Il ne faut pas se faire d'illusions. Si, au fond, les êtres humains refusent radicalement la sagesse des mondes de l'esprit, c'est qu'ils ont été maintenus dans la pensée traditionnelle qui veut parler de l'éternité au delà de la mort mais jamais surtout du fait que l'âme humaine préexiste à sa naissance ou à sa conception. Le fait qu'on veuille aujourd'hui regarder l'éternité au delà de la mort seulement et pas en deçà de la naissance revêt une importance capitale pour tout le genre humain. Car la manière de parler de l'immortalité de l'être humain dépend très précisément du refus de considérer la préexistence de l'âme avant la naissance. Réfléchissez ! Comment parle-ton de l'immortalité ? On fait appel au plus subtil des égoïsmes en l'être humain, celui de désirer la vie après la mort. Le désir de vie après la mort existe dans les formes les plus diverses en l'âme humaine et il nourrit un subtil instinct d'égoïsme. On en appelle ainsi à l'instinct humain d'immortalité, et, ce faisant, on cultive en lui la croyance en l'immortalité après la mort.
On ne pourrait jamais nourrir la même croyance en parlant de l'éternité de l'âme humaine avant la naissance ou la conception. Car, réfléchissez ! On parle d'immortalité. On ne parle pas de la même façon de quelque chose qui précède la naissance, il n'y a pas de mot pour cela dans le vocabulaire. On a le mot immortalité, mais pas innatalité ; il faudrait créer ce mot pour que l'idée devienne connue. C'est le premier élément qui vous montre l'asymétrie avec laquelle on approche traditionnellement l'idée d'éternité. Pourquoi en est-il ainsi ? Voyez-vous, il est tout différent de parler d'une vie dont l'esprit se prolonge dans la mort après la vie terrestre que de parler d'une vie terrestre qui est la prolongation d'une vie prénatale de l'esprit. Car il en est ainsi que l'être humain peut se réjouir de prolonger sa vie de l'esprit après la mort, alors qu'apprendre que la vie terrestre est une prolongation de la vie de l'esprit prénatale n'apporte pas la même satisfaction, car ce que nous sommes devenus après la naissance nous appartient, cela ne fait donc pas partie de nos désirs. On ne peut donc rendre attrayante l'idée d'innatalité par l'éveil de l'instinct du désir comme pour l'immortalité. Donc, si l'on veut parler de l'éternité du côté de la préexistence avant la naissance, il faut en appeler à une ouverture d'esprit, à une disposition à connaître.

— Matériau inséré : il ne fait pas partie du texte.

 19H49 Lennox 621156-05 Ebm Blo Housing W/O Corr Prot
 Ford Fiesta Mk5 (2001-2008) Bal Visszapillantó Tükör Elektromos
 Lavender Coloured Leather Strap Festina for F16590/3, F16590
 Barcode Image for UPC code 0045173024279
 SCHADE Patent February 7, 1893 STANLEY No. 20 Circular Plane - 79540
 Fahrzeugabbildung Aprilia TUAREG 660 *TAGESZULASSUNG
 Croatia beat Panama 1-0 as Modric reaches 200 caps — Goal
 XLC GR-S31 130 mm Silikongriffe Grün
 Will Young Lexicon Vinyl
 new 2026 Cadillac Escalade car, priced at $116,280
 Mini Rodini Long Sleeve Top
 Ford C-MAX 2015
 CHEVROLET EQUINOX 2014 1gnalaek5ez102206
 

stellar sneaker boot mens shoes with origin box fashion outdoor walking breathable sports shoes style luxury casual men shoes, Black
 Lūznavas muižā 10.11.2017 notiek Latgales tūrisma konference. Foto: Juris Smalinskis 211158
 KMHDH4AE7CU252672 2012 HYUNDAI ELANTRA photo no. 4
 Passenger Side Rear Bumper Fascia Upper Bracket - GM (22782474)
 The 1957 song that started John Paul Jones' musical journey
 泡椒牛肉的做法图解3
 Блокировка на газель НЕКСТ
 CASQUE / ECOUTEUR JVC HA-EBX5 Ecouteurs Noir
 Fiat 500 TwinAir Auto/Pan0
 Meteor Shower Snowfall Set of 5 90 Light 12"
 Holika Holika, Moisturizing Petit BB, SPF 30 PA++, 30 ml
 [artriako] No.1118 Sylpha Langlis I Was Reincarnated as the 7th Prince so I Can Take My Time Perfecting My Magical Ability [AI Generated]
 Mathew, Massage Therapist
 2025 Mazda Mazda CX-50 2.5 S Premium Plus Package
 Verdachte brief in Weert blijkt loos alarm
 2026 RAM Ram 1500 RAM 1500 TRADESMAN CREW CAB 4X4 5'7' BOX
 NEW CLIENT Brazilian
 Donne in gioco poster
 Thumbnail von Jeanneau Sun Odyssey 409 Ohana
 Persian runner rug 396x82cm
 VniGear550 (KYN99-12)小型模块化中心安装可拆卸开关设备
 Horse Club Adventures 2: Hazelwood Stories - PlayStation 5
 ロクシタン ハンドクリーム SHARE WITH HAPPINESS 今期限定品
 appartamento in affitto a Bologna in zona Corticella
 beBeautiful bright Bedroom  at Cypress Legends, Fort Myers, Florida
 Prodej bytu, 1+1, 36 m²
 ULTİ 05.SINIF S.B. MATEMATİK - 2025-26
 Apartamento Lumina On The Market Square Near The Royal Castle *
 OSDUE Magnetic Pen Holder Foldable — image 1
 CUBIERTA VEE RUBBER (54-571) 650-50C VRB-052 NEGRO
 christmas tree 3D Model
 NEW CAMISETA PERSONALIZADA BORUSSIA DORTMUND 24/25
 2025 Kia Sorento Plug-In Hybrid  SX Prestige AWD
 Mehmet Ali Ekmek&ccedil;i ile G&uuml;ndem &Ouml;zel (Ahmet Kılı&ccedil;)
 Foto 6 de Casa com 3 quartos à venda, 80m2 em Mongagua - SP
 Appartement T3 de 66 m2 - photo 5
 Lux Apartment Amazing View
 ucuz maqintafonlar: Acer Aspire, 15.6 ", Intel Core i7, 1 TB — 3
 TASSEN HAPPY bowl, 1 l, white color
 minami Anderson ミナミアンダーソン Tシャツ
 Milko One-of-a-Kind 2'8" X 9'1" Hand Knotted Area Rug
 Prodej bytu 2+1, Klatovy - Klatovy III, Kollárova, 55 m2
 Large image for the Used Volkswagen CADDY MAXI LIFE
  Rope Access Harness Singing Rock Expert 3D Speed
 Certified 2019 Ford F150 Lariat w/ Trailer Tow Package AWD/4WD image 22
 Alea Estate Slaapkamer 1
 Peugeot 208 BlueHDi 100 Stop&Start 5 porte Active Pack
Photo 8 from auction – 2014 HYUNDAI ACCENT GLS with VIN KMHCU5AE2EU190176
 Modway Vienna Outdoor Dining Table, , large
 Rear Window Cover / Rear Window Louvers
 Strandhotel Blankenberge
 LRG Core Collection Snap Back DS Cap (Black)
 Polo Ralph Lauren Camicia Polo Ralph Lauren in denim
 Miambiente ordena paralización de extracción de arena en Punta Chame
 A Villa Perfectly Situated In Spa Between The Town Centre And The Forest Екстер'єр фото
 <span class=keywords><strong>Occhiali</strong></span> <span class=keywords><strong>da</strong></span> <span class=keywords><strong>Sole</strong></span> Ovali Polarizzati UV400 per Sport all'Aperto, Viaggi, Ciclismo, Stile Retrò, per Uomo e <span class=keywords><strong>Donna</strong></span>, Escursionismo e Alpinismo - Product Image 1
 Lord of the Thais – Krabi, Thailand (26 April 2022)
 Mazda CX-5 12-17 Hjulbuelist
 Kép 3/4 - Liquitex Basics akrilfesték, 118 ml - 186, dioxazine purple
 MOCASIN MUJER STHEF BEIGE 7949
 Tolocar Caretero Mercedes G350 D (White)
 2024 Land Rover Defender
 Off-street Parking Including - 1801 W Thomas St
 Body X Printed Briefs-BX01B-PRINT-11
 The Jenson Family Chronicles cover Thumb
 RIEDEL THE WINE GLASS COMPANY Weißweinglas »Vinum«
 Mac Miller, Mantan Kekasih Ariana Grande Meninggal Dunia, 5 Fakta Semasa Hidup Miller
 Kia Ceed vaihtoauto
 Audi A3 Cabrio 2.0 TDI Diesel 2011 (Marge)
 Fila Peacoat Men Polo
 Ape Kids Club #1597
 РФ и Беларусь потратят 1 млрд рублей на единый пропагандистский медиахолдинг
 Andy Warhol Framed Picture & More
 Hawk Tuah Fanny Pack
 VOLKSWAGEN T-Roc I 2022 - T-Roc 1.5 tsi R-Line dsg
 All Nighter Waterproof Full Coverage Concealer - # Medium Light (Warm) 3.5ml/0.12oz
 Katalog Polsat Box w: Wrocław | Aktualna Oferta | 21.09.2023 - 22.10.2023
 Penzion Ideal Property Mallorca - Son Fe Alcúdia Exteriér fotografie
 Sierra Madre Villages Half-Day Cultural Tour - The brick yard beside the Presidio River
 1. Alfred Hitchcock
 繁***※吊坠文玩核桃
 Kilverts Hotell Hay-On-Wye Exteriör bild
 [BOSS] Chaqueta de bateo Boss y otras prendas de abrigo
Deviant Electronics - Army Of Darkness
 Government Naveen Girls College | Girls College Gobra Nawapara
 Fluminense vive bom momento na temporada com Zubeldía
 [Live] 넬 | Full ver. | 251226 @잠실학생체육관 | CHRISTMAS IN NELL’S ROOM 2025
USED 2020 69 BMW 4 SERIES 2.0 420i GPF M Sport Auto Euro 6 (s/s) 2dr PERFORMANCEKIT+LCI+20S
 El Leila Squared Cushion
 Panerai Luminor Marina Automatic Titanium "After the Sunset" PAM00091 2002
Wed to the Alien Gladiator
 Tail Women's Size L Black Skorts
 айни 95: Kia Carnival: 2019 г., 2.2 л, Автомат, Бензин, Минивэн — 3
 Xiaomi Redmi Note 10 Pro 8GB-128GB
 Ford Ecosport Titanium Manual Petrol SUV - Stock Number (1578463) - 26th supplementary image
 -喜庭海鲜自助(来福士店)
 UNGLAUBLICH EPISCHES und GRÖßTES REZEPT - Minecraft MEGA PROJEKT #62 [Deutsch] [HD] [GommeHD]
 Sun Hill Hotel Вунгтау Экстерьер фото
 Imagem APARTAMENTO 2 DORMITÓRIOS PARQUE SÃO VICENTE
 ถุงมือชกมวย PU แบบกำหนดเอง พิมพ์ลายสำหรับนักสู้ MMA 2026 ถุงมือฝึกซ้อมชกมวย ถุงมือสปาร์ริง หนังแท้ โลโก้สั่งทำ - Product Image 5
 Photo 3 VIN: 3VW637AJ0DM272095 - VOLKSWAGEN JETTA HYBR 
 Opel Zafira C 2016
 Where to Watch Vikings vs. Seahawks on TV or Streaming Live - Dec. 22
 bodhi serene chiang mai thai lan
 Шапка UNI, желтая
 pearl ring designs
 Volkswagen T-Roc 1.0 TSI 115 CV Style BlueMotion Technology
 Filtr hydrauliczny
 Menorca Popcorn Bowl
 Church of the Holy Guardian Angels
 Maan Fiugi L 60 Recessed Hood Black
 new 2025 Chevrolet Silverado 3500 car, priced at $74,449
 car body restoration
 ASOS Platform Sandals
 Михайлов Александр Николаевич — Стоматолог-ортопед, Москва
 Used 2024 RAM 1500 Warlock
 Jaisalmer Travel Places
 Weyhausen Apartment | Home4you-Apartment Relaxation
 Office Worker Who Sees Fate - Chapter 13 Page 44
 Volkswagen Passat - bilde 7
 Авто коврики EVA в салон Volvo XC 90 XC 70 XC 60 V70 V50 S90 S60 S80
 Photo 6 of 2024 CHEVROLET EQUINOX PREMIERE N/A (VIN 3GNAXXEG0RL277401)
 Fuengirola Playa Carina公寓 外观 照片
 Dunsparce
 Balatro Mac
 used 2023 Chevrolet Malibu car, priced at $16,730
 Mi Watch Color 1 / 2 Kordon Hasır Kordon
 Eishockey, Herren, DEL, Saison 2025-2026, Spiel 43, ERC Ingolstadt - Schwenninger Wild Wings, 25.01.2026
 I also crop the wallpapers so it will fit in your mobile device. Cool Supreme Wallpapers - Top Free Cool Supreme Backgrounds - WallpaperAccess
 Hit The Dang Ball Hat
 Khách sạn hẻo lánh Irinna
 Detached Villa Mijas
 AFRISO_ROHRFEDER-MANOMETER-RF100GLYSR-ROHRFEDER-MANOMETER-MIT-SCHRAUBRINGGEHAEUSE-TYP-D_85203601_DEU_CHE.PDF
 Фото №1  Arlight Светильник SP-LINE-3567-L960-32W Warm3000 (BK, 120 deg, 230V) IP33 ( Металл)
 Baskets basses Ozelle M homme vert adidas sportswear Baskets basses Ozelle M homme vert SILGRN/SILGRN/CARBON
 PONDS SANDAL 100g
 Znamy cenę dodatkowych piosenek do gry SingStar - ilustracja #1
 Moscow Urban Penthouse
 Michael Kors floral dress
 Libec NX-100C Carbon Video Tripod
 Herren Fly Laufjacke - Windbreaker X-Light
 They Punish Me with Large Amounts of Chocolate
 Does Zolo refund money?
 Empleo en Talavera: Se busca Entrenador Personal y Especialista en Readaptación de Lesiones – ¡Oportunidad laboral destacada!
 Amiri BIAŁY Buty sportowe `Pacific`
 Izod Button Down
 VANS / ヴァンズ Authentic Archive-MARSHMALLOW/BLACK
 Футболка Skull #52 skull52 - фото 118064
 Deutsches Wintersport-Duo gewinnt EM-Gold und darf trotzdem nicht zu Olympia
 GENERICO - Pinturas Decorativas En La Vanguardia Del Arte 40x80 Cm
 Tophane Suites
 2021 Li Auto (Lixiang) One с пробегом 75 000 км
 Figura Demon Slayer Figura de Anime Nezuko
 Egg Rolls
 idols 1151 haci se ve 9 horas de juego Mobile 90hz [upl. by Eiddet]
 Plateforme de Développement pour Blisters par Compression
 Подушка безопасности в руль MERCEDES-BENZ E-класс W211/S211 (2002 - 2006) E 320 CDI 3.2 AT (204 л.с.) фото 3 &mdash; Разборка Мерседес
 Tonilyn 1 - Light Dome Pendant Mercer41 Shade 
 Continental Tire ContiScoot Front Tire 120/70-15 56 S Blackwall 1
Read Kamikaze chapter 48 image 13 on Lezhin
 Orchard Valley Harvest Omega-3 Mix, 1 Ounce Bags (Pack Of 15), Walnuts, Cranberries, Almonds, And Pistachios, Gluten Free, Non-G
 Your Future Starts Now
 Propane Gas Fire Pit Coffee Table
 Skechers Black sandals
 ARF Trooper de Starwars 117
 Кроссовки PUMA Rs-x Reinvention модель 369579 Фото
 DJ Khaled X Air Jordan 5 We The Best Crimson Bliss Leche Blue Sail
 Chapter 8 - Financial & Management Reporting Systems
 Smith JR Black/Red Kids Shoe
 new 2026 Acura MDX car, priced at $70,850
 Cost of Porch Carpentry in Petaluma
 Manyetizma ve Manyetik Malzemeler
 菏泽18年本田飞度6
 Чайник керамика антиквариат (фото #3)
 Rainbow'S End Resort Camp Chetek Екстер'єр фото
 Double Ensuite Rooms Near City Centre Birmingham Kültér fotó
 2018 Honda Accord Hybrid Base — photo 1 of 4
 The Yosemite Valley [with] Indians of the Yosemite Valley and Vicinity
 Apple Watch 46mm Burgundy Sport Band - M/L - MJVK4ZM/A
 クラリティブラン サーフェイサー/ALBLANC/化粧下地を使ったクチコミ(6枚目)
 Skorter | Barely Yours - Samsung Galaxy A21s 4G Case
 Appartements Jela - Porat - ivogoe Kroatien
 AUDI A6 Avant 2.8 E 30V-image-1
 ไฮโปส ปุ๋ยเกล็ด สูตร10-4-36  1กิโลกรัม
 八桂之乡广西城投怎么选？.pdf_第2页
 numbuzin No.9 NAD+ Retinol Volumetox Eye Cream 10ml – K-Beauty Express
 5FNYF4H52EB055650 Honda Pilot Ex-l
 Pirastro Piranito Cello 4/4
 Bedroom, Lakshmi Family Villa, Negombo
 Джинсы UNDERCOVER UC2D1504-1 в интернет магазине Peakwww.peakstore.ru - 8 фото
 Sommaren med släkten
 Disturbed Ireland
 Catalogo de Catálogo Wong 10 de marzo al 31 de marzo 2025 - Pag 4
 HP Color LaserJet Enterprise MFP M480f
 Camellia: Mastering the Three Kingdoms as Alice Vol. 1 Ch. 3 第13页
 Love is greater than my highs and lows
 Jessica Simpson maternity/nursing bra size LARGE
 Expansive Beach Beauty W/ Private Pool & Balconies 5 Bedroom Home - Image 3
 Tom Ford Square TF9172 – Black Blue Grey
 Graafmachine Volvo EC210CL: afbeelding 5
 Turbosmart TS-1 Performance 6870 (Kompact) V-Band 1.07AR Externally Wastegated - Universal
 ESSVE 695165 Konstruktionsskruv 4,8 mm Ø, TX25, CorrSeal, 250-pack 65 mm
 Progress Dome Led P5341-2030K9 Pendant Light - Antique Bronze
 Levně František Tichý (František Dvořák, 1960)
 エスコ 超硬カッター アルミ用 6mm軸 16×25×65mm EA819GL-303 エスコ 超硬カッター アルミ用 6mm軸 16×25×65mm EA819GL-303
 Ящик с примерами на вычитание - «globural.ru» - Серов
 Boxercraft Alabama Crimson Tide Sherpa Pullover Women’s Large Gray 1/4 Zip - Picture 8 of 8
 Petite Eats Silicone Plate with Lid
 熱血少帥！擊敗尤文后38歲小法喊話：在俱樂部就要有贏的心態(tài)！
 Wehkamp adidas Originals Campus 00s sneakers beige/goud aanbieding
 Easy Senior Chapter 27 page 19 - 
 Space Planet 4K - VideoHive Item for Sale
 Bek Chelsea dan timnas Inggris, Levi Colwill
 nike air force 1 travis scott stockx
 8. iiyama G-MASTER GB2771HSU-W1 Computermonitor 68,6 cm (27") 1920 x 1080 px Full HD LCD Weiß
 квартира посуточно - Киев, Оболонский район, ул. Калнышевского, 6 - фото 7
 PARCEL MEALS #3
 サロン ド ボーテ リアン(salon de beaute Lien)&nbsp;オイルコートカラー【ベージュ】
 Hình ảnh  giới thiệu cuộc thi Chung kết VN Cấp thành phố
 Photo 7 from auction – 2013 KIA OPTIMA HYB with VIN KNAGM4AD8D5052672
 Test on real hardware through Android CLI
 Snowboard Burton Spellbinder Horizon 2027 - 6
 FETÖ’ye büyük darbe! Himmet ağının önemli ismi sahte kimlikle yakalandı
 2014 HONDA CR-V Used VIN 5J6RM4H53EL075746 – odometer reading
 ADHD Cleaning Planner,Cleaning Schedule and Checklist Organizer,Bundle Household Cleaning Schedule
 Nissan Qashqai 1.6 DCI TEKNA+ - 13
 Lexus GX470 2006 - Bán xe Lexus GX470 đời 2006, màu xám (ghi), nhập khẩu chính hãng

C'est tout l'enjeu de la science de l'esprit ; elle demande une prédisposition à la connaissance. Ce que j'ai nommé, dans la conférence publique d'hier[1], « la modestie intellectuelle », c'est l'attitude de l'être humain devant la nature qui se déploie : il doit se sentir devant la connaissance de la nature comme le jeune enfant de cinq ans devant les poèmes de Goethe dont il ne comprend rien avant d'avoir acquis certaines facultés par l'éducation, et l'âge. Il ne peut comprendre sans y avoir été préparé. C'est pour cela qu'il faut parler de modestie dans la préparation de l'intellect. Nous devons, comme êtres humains, nous sentir prêts intérieurement à faire de nous autre chose que ce que nous étions avant d'avoir pris en main notre intériorité pour la mener plus loin dans la vie de l'esprit. Mais pour cela il est nécessaire de prendre en compte certaines choses qu'on préfère ignorer et laisser dans le sommeil cosmique général. (…) »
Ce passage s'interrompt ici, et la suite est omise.